2025 Visual Arts Fellowships
Three Idaho artists have been awarded 2025 Fellowships in Visual Arts: Laura Ahola-Young (Pocatello), Stacy Isenbarger (Moscow) and Astri Snodgrass (Boise). The awards, given every two years by the Idaho Commission on the Arts, recognize outstanding artists, honoring work deemed to exhibit the highest artistic merit during peer review. Applicants were reviewed anonymously in a highly competitive process by panelists from out of state and were judged on the basis of existing work and professional history. Fellowship winners will each receive $5,000.
LAURA AHOLA-YOUNG is an Associate Professor of Art at Idaho State University in Pocatello. She received her MFA from San Jose State University in 2001. Originally from northern Minnesota, Laura has been influenced by landscapes, winters, ice and resilience. Her current work depicting fallen trees explores the effects of climate change on her hometown. The local is linked to the global and, though the forest is receding, each fallen tree provides fuel for new growth in an ongoing process of adaptation. She writes, “I celebrate the life renewing on the massive tree roots through the survival of lichens and seedlings. At the same time, hidden narratives of human impact are alive within the imagery.” This is Ahola-Young’s first Fellowship.
STACY ISENBARGER is a Professor of Art and Design at the University of Idaho in Moscow. She received her BFA at Clemson University and her MFA from the University of Georgia. Her mixed-media assemblages combine textiles, handcrafting, and found materials to evoke memories of home, and to explore questions of distance and connection between people and places. “Collisions of textures and materiality put viewers at odds with the familiar and evoke tactile memory, inviting them to confront distance, restraint, and the claims they stake between each other.” This is Isenbarger’s first Fellowship.

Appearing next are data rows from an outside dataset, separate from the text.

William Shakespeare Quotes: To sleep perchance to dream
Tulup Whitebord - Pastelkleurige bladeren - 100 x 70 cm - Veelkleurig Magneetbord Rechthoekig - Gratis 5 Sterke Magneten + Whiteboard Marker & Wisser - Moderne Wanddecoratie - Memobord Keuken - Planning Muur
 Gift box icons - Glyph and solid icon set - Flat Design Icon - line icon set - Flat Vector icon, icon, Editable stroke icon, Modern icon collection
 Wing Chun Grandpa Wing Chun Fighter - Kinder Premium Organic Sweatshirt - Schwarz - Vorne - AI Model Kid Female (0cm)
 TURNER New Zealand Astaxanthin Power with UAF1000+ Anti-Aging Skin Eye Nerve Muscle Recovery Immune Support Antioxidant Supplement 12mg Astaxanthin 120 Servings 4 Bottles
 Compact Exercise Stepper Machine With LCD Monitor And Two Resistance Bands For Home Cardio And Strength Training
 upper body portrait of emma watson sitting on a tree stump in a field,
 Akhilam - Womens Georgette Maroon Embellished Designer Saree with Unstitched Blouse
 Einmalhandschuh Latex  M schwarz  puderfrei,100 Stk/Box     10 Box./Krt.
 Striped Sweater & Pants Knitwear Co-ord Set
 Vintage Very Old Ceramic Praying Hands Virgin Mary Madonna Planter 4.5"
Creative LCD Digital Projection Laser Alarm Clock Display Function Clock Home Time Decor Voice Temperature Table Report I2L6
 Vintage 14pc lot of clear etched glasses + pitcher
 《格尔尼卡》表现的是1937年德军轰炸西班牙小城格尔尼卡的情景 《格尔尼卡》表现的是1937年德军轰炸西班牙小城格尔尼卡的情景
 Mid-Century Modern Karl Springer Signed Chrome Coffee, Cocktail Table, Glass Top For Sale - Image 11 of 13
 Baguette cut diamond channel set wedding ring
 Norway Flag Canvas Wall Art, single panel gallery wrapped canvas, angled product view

ASTRI SNODGRASS Astri Snodgrass is an Assistant Professor of Drawing and Painting at Boise State University. She holds an MFA in Studio Art from the University of Alabama and a BA in Art and Spanish from Luther College. Additional studies in Norway and Argentina helped shape her interests in language, light, and perception, which drives her unusual treatment of materials. Using paper like a textile, she quilts, colors, and spins abstract works that explore how making things connect us. “This work relates the practices of drawing, spinning, and writing through the practice of drafting, a term these activities share. In drawing, drafting means to render a form; in writing, to begin the process of getting ideas onto paper, and in spinning, it is the action of pulling fibers before they’re twisted together into a yarn.” This is Snodgrass’ first Fellowship.